The biggest problem with any show that deals in magic is that it is all going to be referred back to ‘Harry Potter’ and how they did it. It can put a damper on things, as you want to let all of these institutions and locales teach magic and all its complexities in their own manner. It’s just that “Little Witch Academia” started out practically like a Harry Potter rip-off.
Akko Kagari (her of the center) enrolls into Luna Nova Magical Academy, a school for young witches. But she has zero magical abilities. She can’t even ride a broom! On her way to school, she has to pass through a portal in a high tower (and not Platform 9¾, OK?), but can’t do it. She is befriended by two others who HAVE the power, Lotte Jansson (on our right), a Finnish witch who specializes in talking to fairies and Sucy Manbavaran (on our left), who hails from the Philippines and deals in poisons.
Well, they get in trouble right off the bat and end up on everyone’s radar as being troublemakers. However, Akko manages to obtain the Shiny Rod, a tool used by her hero, Chariot de Nord, and the reason she got into magic.
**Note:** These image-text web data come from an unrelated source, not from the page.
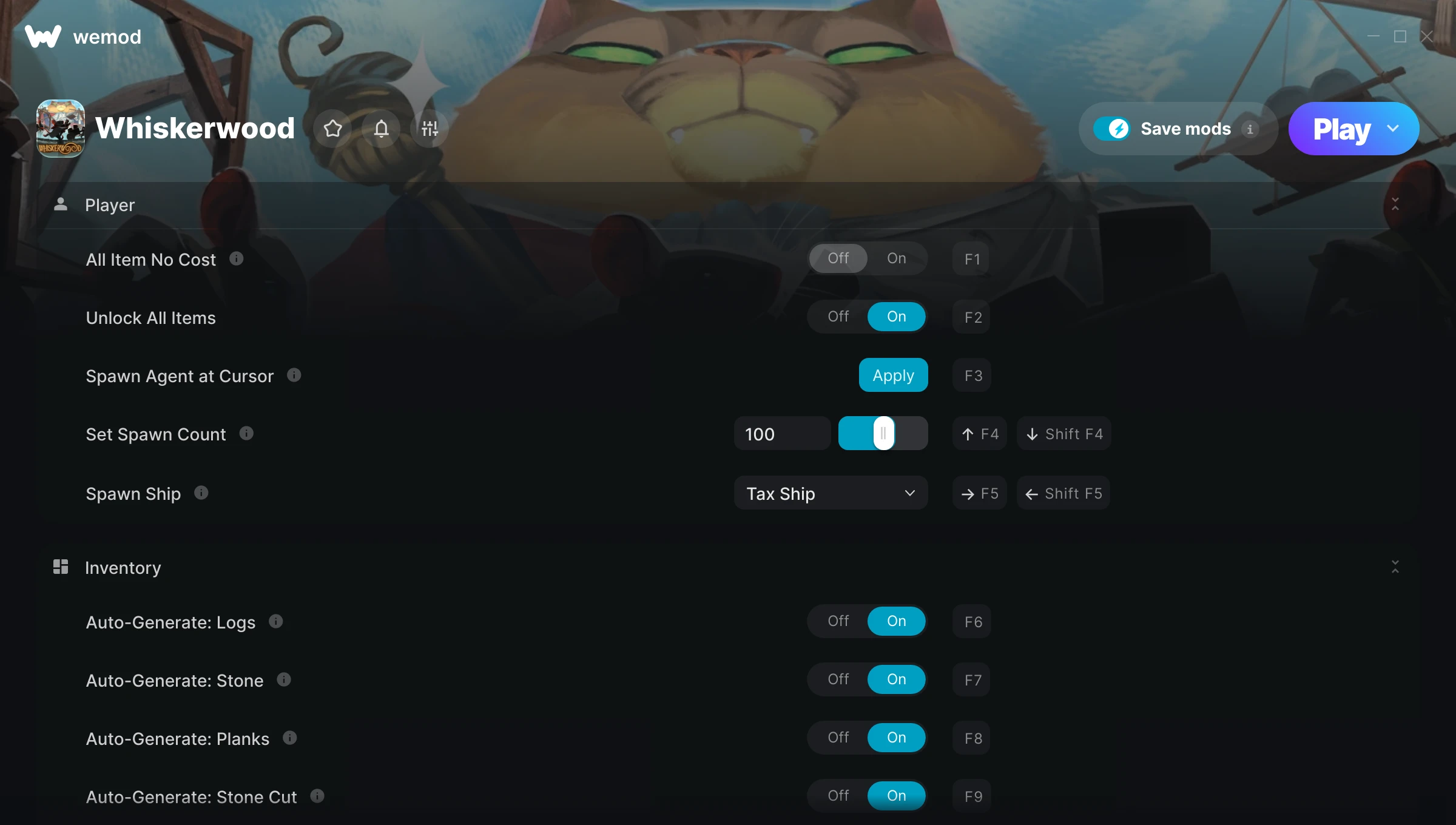 Whiskerwood Trainer screenshot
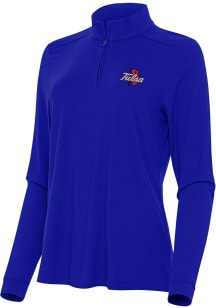 Antigua Tulsa Golden Hurricane Womens Blue Intent Qtr Zip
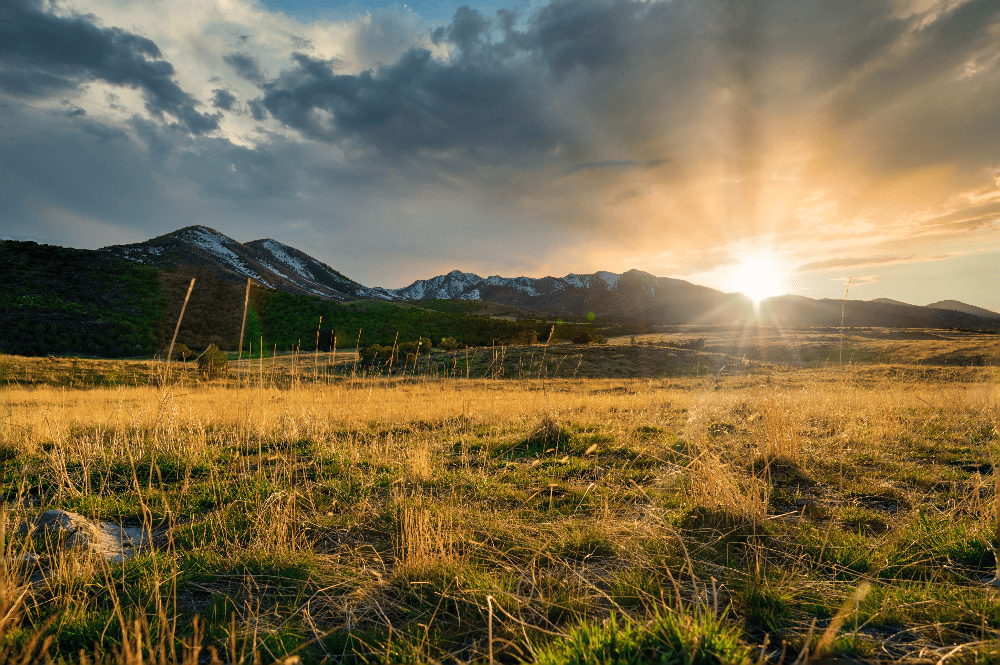 sunset on the plains of utah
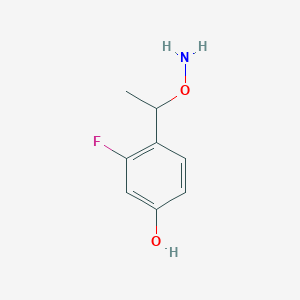 molecular formula C8H10FNO2 B13601012 4-[1-(Aminooxy)ethyl]-3-fluorophenol 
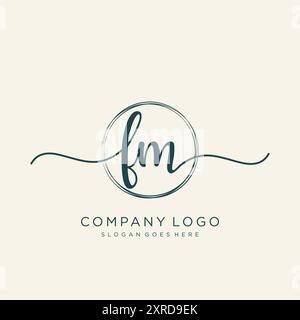 FM Initial Handschrift Logodesign Stock Vektor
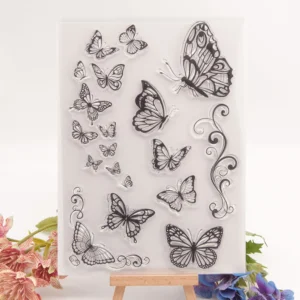 Beautiful Butterflies Stamp Set - size chart | clear stamp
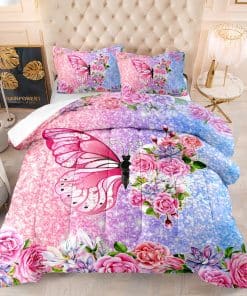 Edredón estampado de mariposas y flores 3D para niñas, 3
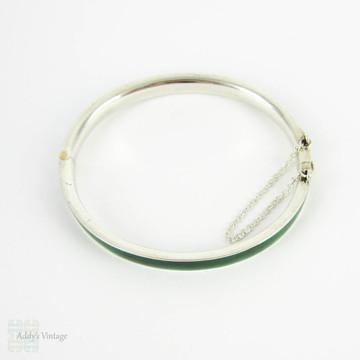 Vintage Green Enamel Bangle Bracelet, British Racing Green & Sterling Silver Bracelet. Circa Early 1900s.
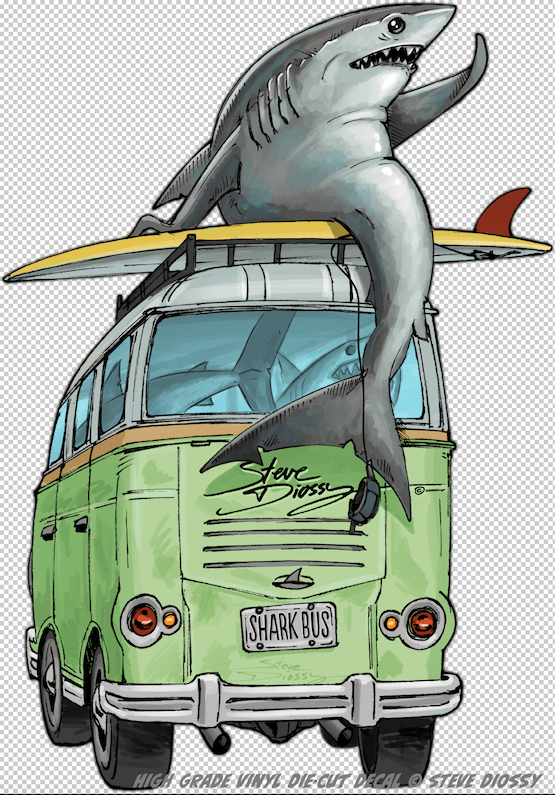 Shark Bus (Die-Cut Decal)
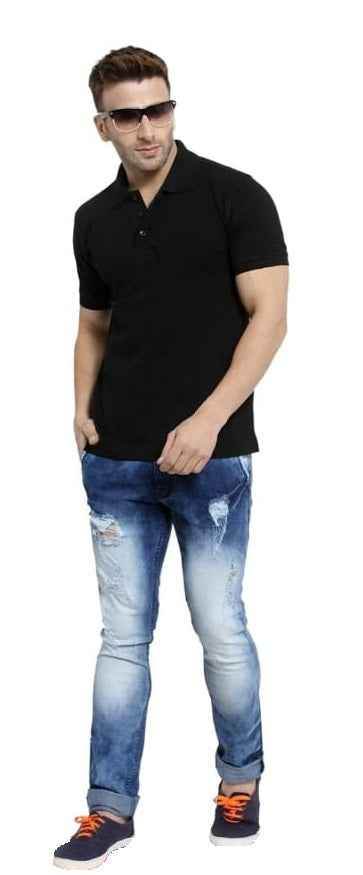 Polo-neck Half Sleeve Designer T-Shirt For Men 1740641823094-49 Mens T-shirts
The series details her adventures and misadventures as she tries to become a real witch, over the objections of practically everyone in the academy.
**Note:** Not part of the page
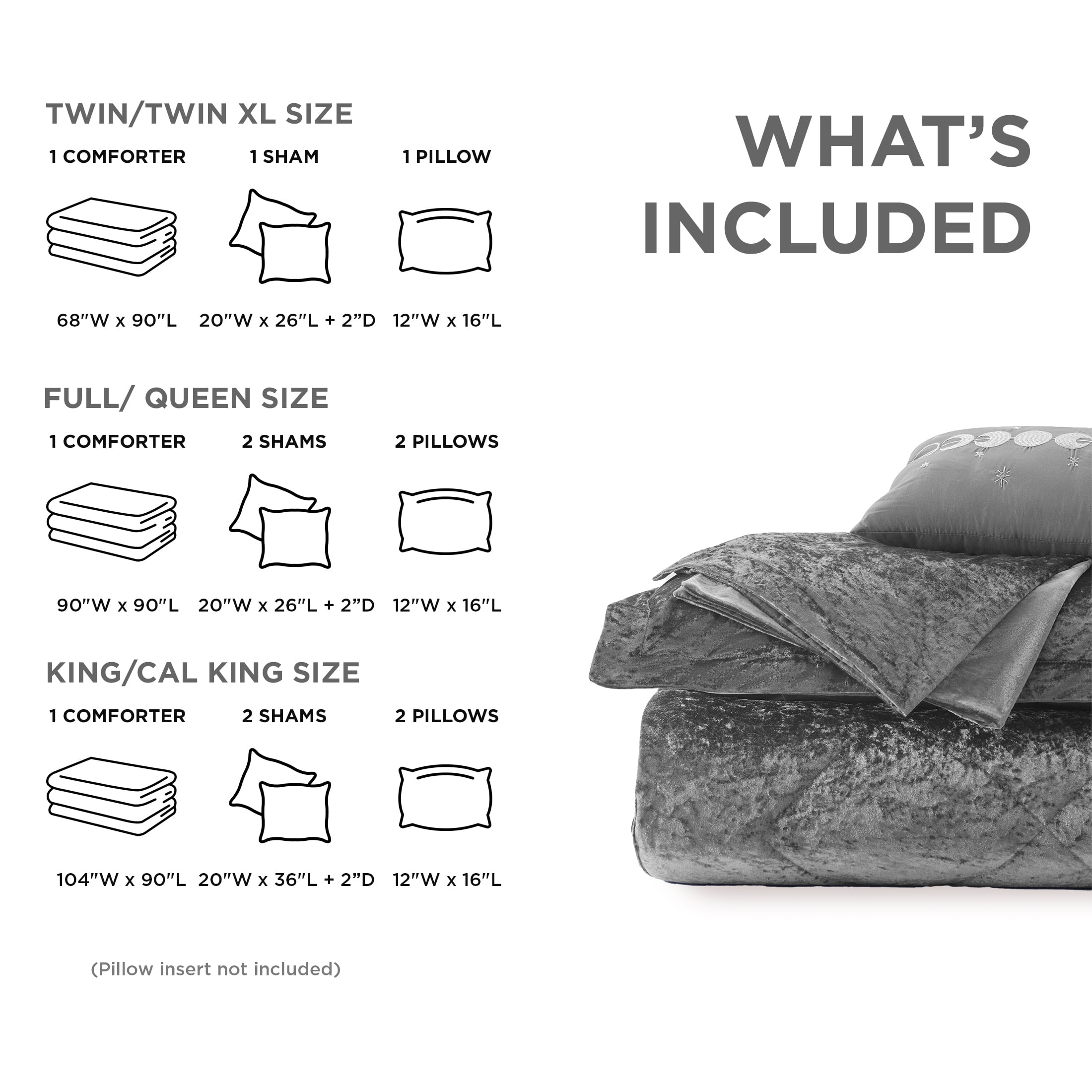 Regency Heights Full/Queen Size Comforter Sets, Velvet Bedding Comforter Set for All Seasons, Grey Bedding Set with Decor Pillow, 4-Piece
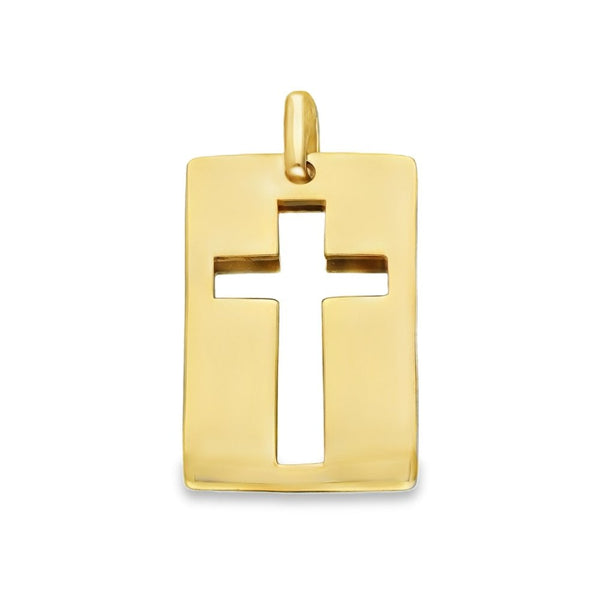 9ct Yellow Gold Diamond Cross Pendant - 15x23x4mm - 3.3g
Yes, we have the Star of the Academy, the very pretty, incredibly smart, and totally obnoxious Diana Cavendish from Britain. I mean, she is the elite of the elite and she feels those like Akko are nothing more than a blob of marmalade on a napkin. Yes, Akko is able to do more, and in serious situations, than Diana does or can achieve. But how well does Diane accept this?
We also a key moment in the series. It is a 25-episode run, so when we get to Show #14, we have the switch-over to the new plot and the new foes and the new situations. It’s that it was rather naked in what it wanted to achieve and where it was going, but it did not detract from a rather compelling five-episode closing arc, where all the questions are answered and everything is revealed.
There is nothing overall wrong with the series, but one got tired of all of Akko’s misfires and Diana’s haughty preening and the exposed machination of Croix Meridies. I mean, even Harry learned how to do something, so he wasn’t that big of a bumble, but Akko takes forever to achieve anything of merit under Diane’s scornful eye. Yes, it is part and parcel that we see Akko flail and fail, but, still, there has to be some headway in all of this. But I still say you see it. Aside from the approach to wizardry presented, it does it in an appealing manner, and the rather cartoony artwork helps, rather than hinders (although Professor Ursula has got hips to spare!)
Now, as it stands, it could be over, but there is enough energy to continue on for another season. Time will tell. Oh my flaming gosharoonie, you have to, you must, you had better, binge, binge, binge. OK, we really see what an enormous clothead Akko is and it’s a wonder she can put on her hat and not suffocate herself in the process and that might get tiresome, but the rest of the cast holds up marvelously and if you are willing to overlook Akko’s liabilities for her enormous zeal and commitment to all of this, you will be rewarded. This will especially help with the concluding arc episodes, where it comes at you fast and furious (Hmmmm. That’s a good name for a movie franchise).
On a scale of 1 to 10:
Artwork 8 (Effective, despite the cartoony approach)
Plot 7 (Rather typical, even for magic)
Pacing 7 (A lot of ‘nick of time’ rescues)
Effectiveness 8 (Slowly comes around)
Conclusion 5 (It reaches a ‘coupler point’, but hasn’t ended)
Fan Service 2 (A similar show would be “Okamisan”)
Bingeability 10 (A perfect candidate for such an action)
Overall 8 (Springs far from common ground)
And remember, it’s first run until you’ve seen it. Never forget, a believing heart is your magic.